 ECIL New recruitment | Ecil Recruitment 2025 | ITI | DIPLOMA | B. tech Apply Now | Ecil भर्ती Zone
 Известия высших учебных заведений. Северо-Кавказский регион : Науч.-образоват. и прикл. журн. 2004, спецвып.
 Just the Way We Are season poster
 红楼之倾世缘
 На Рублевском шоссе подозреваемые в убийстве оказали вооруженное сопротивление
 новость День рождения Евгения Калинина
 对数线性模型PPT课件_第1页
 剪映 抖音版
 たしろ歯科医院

* * *

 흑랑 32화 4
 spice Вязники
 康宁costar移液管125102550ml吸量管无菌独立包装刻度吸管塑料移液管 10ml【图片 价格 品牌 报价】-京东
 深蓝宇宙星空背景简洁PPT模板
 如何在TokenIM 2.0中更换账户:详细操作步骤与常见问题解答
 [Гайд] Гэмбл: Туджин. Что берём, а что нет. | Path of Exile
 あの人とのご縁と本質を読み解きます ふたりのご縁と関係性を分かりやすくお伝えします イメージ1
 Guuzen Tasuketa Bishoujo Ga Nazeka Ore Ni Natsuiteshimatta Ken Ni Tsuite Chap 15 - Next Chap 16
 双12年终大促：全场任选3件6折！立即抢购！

==

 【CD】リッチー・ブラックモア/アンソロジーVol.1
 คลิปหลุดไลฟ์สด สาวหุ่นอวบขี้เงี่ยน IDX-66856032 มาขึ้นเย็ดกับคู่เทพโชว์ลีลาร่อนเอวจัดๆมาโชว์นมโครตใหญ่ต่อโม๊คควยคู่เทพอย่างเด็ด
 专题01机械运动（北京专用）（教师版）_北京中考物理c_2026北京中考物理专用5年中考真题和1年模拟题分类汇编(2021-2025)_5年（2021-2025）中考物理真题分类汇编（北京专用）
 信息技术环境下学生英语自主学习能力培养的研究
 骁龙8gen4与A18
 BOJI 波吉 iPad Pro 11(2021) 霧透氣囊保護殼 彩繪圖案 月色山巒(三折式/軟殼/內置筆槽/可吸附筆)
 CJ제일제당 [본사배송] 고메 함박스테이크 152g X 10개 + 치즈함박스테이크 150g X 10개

Problem requirements — Here the job is to set down exactly the lines of the material above that fall between the one with "Известия высших учебных" and the one with "На Рублевском шоссе", inclusive, and nothing beyond them.

Answer for this exercise —
 Известия высших учебных заведений. Северо-Кавказский регион : Науч.-образоват. и прикл. журн. 2004, спецвып.
 Just the Way We Are season poster
 红楼之倾世缘
 На Рублевском шоссе подозреваемые в убийстве оказали вооруженное сопротивление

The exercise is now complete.